We found a large number of patients with a diagnosis of OP in their administrative records who did not undergo a BMD test during the study observation period (n = 1987, in the Figure). When we compared the characteristics of patients with and without a BMD, we found that patients without a BMD test were generally older and had more FRAX risk factors than those who did not undergo a BMD test. Possible reasons for these differences may be: (1) patients without a BMD test were tested and diagnosed before the study period, or (2) testing for OP may not be a priority in patients who are older and already have clinical risk factors of osteoporotic fractures.

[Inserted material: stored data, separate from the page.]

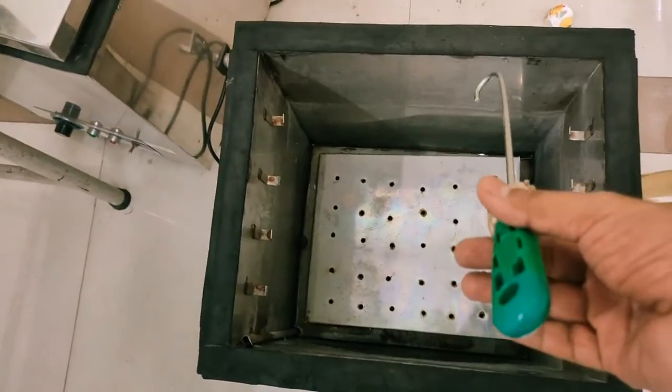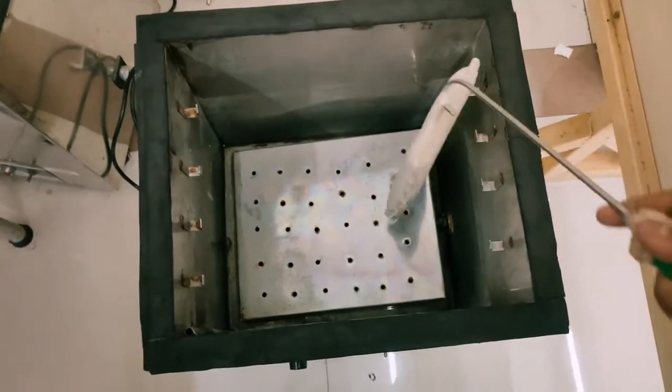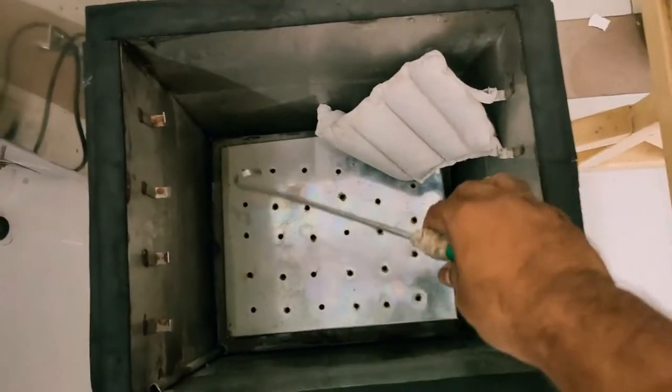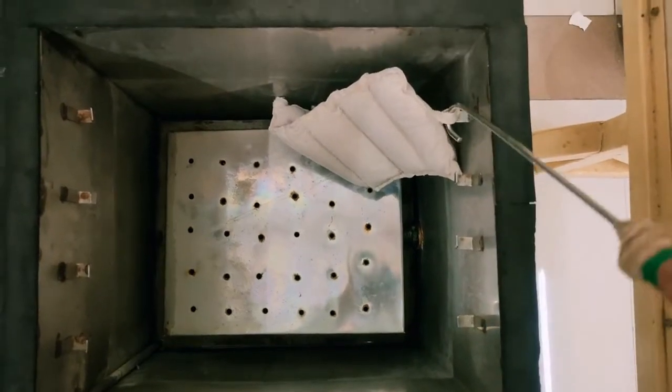These are tongs. With the help of the tongs, you can pick up the hydrocollator packs. The water inside the hydrocollator unit is very hot, so you must not dip your hand inside as it could cause burns. Using the tongs, you safely remove the hot pack from the unit.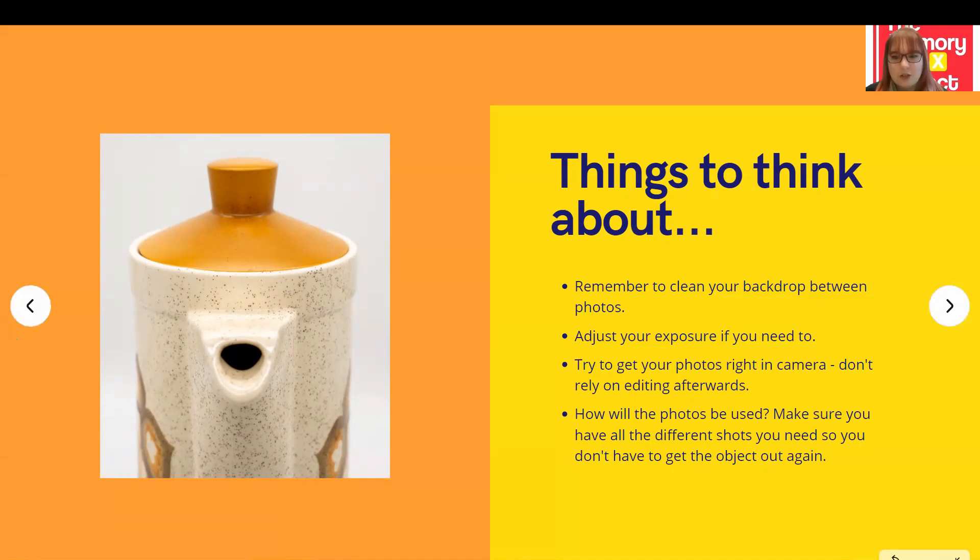Have a quick think before you start taking your photos about how your photos will be used — what are you going to do with them, where are you going to share them, and how are you going to use them to engage with people? For example, if you're photographing a really recognisable object, sometimes you might take close-up or abstract shots so you can play a fun 'can you guess what it is' type game. Think about getting all of the shots you might need at the same time so you don't have to keep getting your object out again and again — especially if it's old and fragile.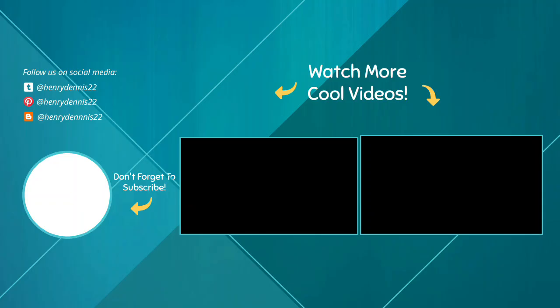Thanks for watching guys, I hope you liked this video. If this video was helpful to you, please make sure to like, comment, and subscribe. If you have any questions related to these products, you can leave a comment down below and I will get back to you as soon as possible.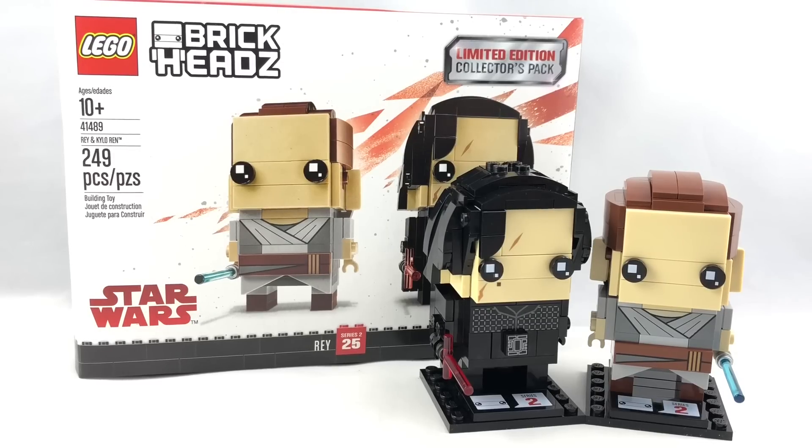Hello, Just2Good here. Today we're reviewing the LEGO Brickheads limited edition collector's pack Rey and Kylo Ren, which does release today, at 249 pieces and retails for $20 in the United States. Now let's take a look at those Brickheads.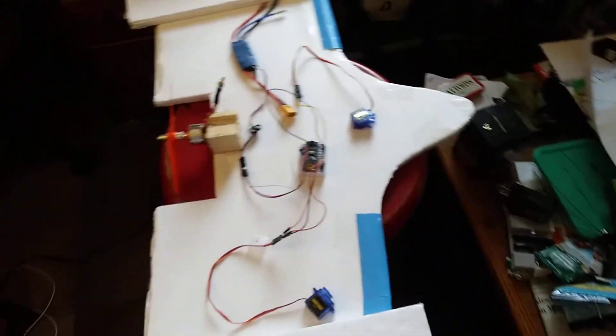After probably a couple months of starting this project, I'm finally getting back on it. As you can see, my room is kind of a mess right now because I'm getting everything set up.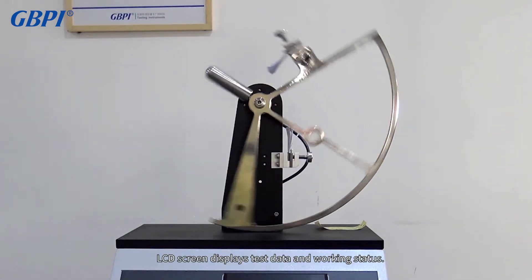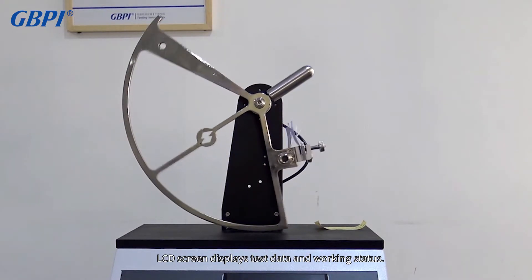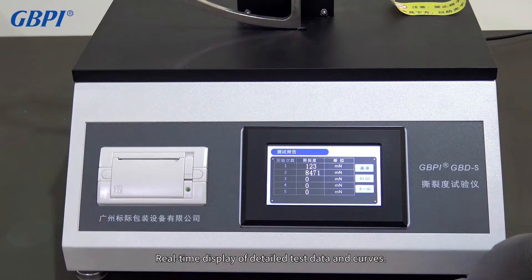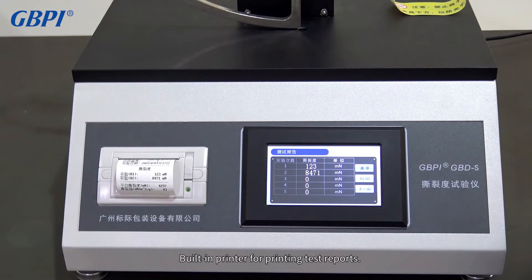The LCD screen displays test data and working status, with real-time display of detailed test data and curves. A built-in printer is included for printing test reports.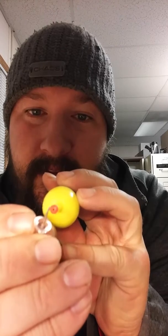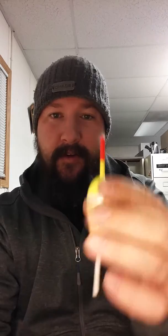So an easier fix to that would be to remove this guy right here. Once you do that, it'll help out a lot. It'll allow your float to slide freely through the entire line, and it gives you a very large orifice compared to what it's been through.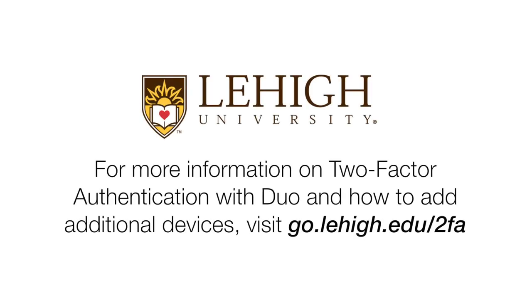For more information on two-factor authentication with Duo and how to add additional devices, visit go.lehigh.edu/two-fa.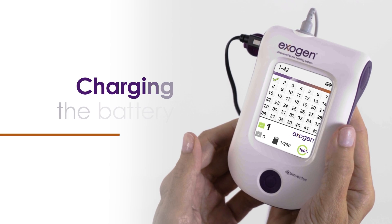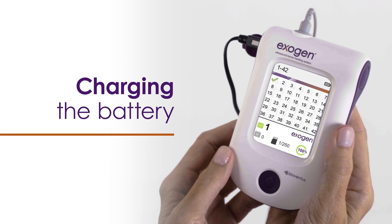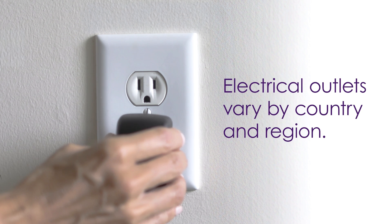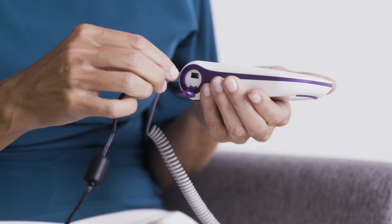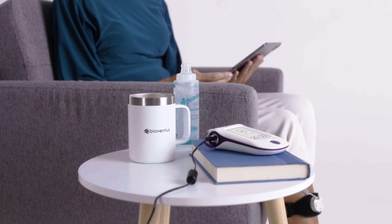Your Exogen device will arrive partly charged. However, it is recommended that you fully charge the device before beginning treatment. To recharge the battery, plug the charger into an outlet. Open the cover of the USB port on the left side of your device and insert the USB portion of the charger into the device. The flashing battery status symbol will let you know the device is charging. Charge the battery until the symbol appears full. This will give you enough power for approximately five 20-minute treatments. You may recharge the device at your convenience, even during an Exogen treatment.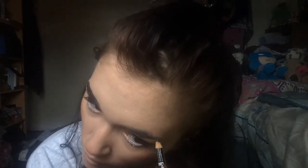Then I'm going in with my NYX Eye and Eyebrow Pencil and just drawing in my eyebrows how I normally would. Then I'm going in with my NYX Velvet Matte Lipstick and just creating a doll lip style with this.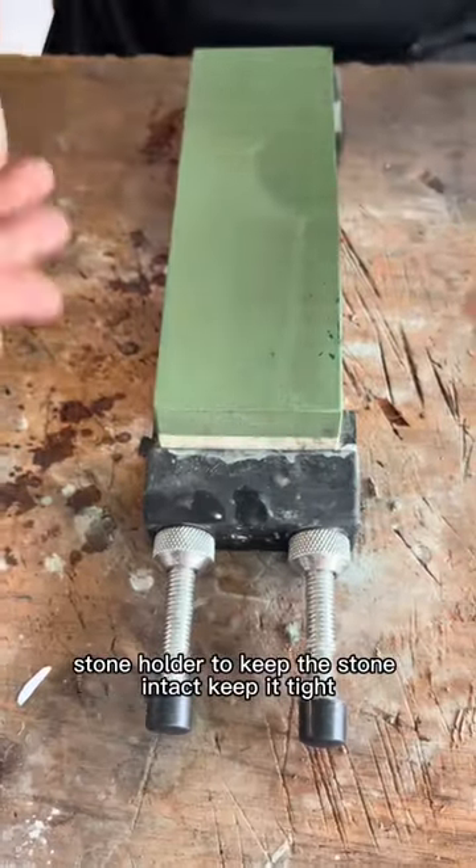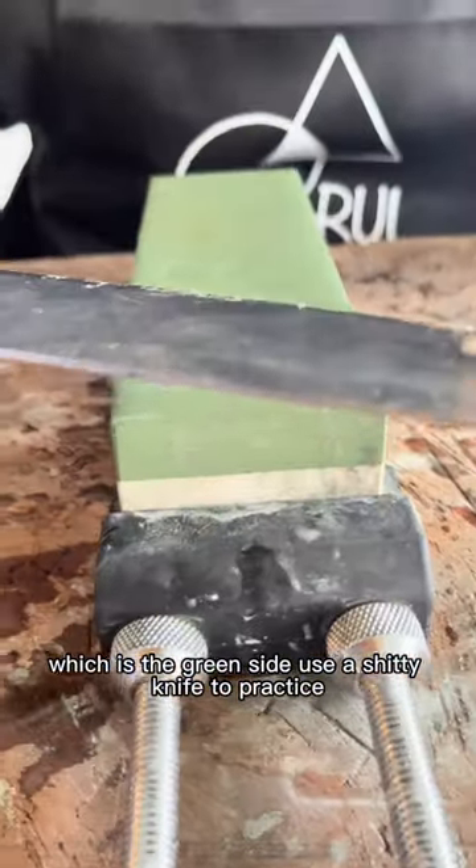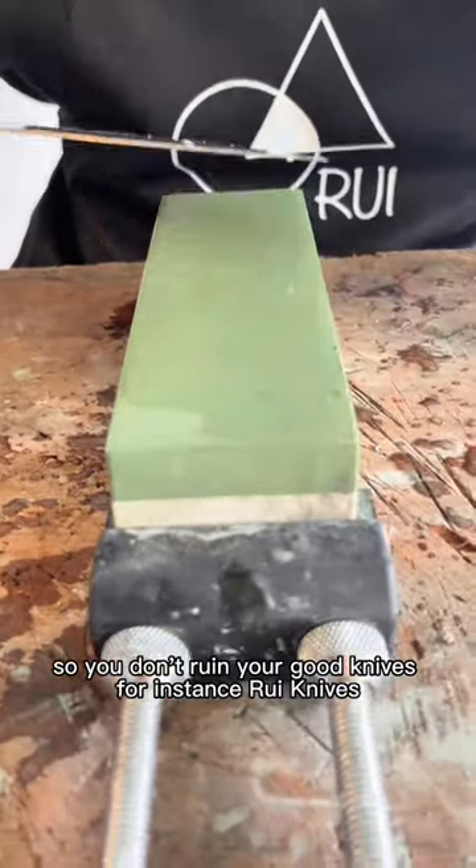Use a stone holder to keep the stone intact — pick it tight. Start with 1000 grit, which is the green side. Use a cheap knife to practice so you don't ruin your good knives, for instance Rui knives.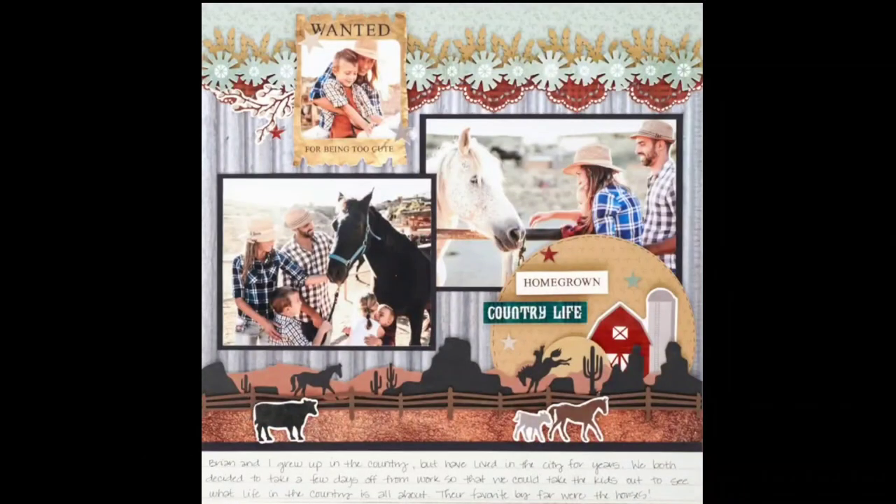Welcome to the August 10th Scrapbook Live. I'm Megan Jacks, and today's project is going to be based on the Creative Memories blog post from March 18th of 2022. It has the Wide Open Places layout on there, and I am going to be using the Wide Open Places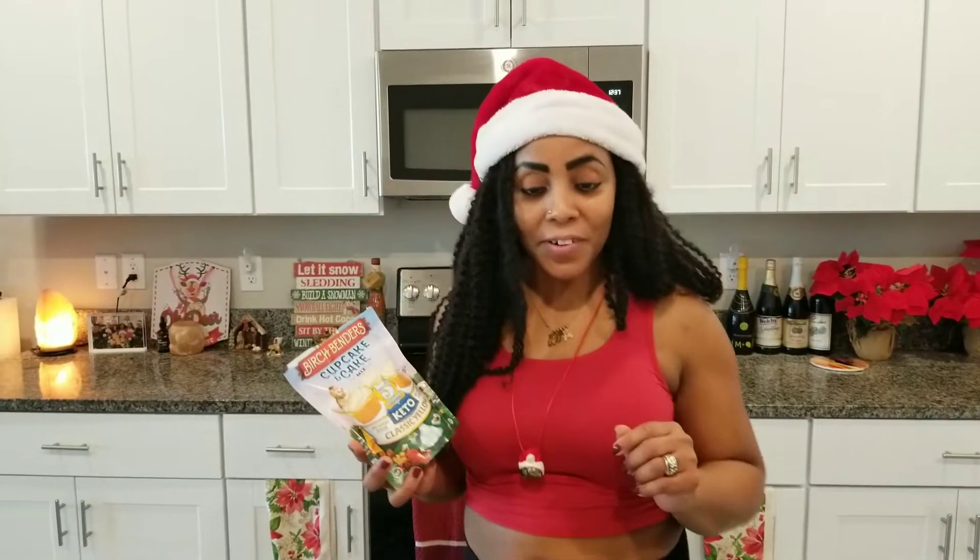Hi, I'm here today and I'm going to make some keto friendly cupcakes. This right here has 5 grams net carbs, zero sugar, gluten free, and grain free. I picked this up from Walmart and I'm really curious to see how this tastes.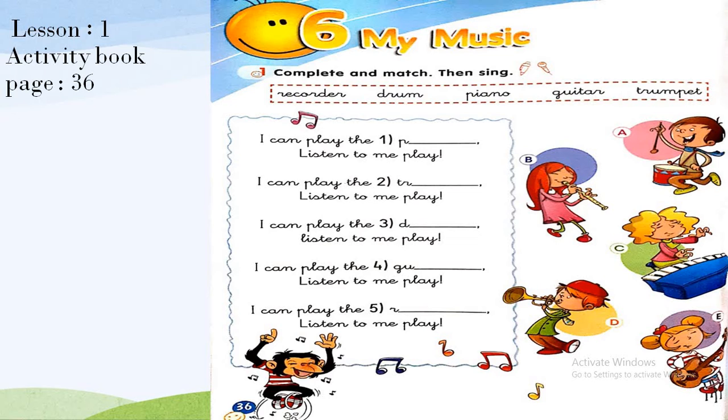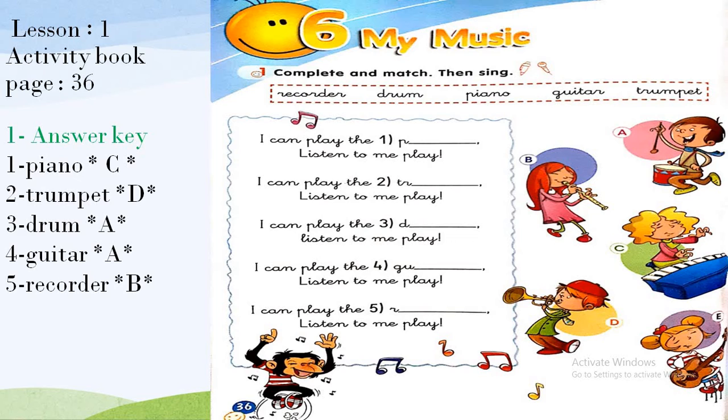The exercise is easy — you have five words. They give you the beginning of each word and you write the rest, then match them with the pictures. One: I can play the piano — write 'piano' and match it with picture C. Two: I can play the trumpet — match it with picture D.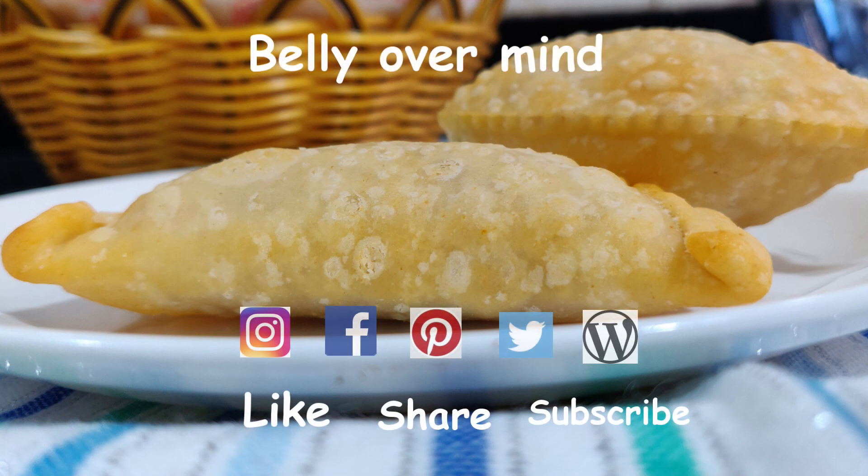Follow us on Instagram, Facebook, Twitter, and our blog to learn more exciting recipes. Happy cooking and a very happy Holi to you and your family!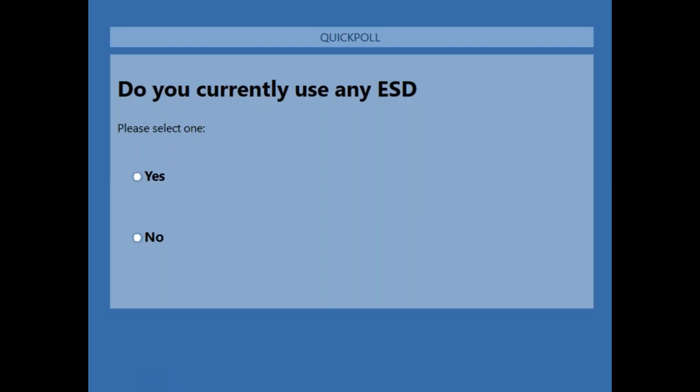If you've joined webinars before, you'll know that we sometimes ask you some questions just to get some feedback and understanding of — in this case — the current usage of ESD garments and ESD smocks, particularly over garments. So ESD garments that you're wearing over normal, regular clothes. If you would please take 10 seconds to just select yes or no to that question on the screen, that would be fantastic, and then we can move forward with the presentation this morning.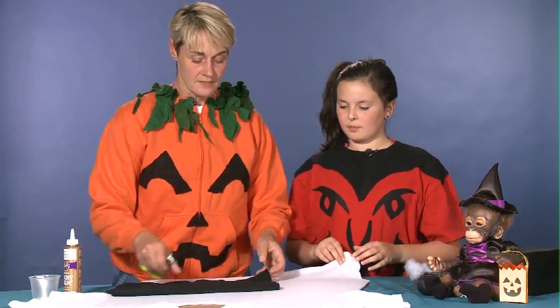As you can see Hannah is a little devil and I am a pumpkin. Basically all we've done is we've taken t-shirts and hoodies and we've just added some felt to make them into a costume. So we're going to make a ghost out of a white t-shirt. This is one of those easy, really quick costumes that you can make.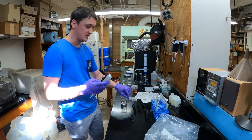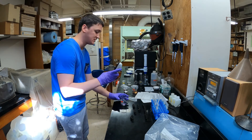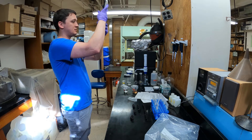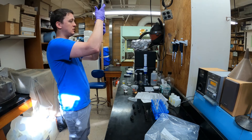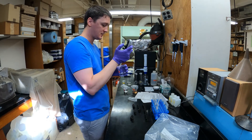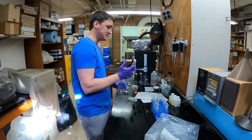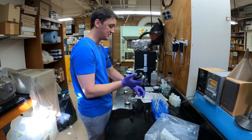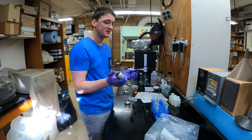You can see I've got all the test tube caps off. That's so as I'm going along, it's easy to keep track of which test tubes have gotten the reagent — it's really easy to miss a test tube or forget where you were when you come back to refill the tip.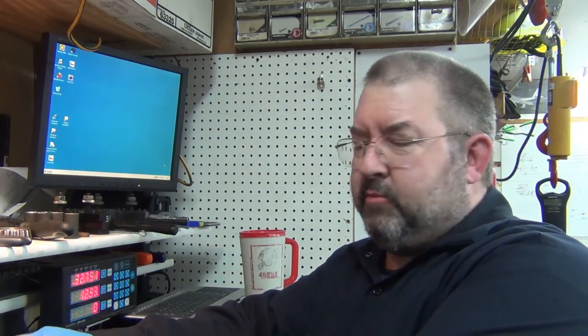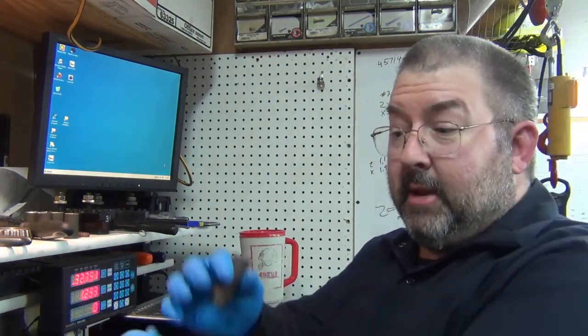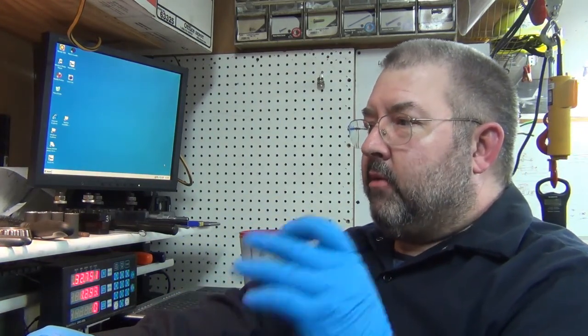Hey everyone, welcome to Blue Hands Video. Welcome to all the new subscribers — not quite sure where everybody's coming from, but most of it's actually from automotive related videos I've put up in the past. Hang in there, I'll get back to automotive stuff a little later. I'm kind of buried in CNC stuff, but I'm actually working on automotive parts — specifically the outer bearing adapters.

Our study has some limitations. First, although our estimates of sensitivity, specificity, and PPV are similar to a previous study in Canada, our samples are from 1 managed care plan in the United States and may not be generalizable to other populations.7 Second, we only included patients who had evidence of a DXA bone density test to confirm the presence of OP. Therefore, the study results cannot be generalized to patients who have OP but are never tested for it. Third, some of the FRAX risk factors were more amenable to being identified in administrative data than others. Thus, we underestimated some individual clinical risk factors in our population (eg, alcoholism as a proxy of alcohol use) and could not identify others (eg, height and weight). There also may be misclassification in the identification of RA patients since we only required 1 diagnostic code. We also had incomplete information on prior fractures because we only included data 1.5 years prior to the bone density test. Fourth, the baseline period prior to the bone density test varied from 1 year to 2 years, which might result in bias because patients with a longer baseline period would be more likely to have a risk factor identified. In order to address this issue, we conducted a sensitivity analysis using an equal 1-year baseline period for all patients. We found the number of patients with at least 1 fracture risk factor reduced from 631 to 541. However, classification statistics (sensitivity, specificity, and PPV) did not significantly change (data not shown). Fifth, we considered a woman with at least 1 risk factor as being at high risk for fracture. However, the FRAX includes 10 risk factors and a patient may need more than 1 to be considered as being at higher risk by FRAX calculation. Sixth, our algorithms could not overcome important problems noted in the course of conducting the study—that is, inconsistent use of an OP diagnosis in relation to BMD testing. For example, approximately 20% of the study population who underwent BMD testing and had a T-score less than or equal to –2.5 did not have any OP diagnosis in their administrative records, and 15% of the study population who had a T-score >–2.5 had an OP diagnosis after the BMD. Lastly, there was no diagnostic code in our data set for identifying low BMD (osteopenia).
In conclusion, using administrative data only, we were able to validly identify patients with OP or those with low BMD at increased risk for osteoporotic fracture using algorithms based on diagnoses and clinical risk factors only. Our algorithms may therefore be useful in estimating the prevalence of OP and identifying untreated patients who could benefit from OP treatment.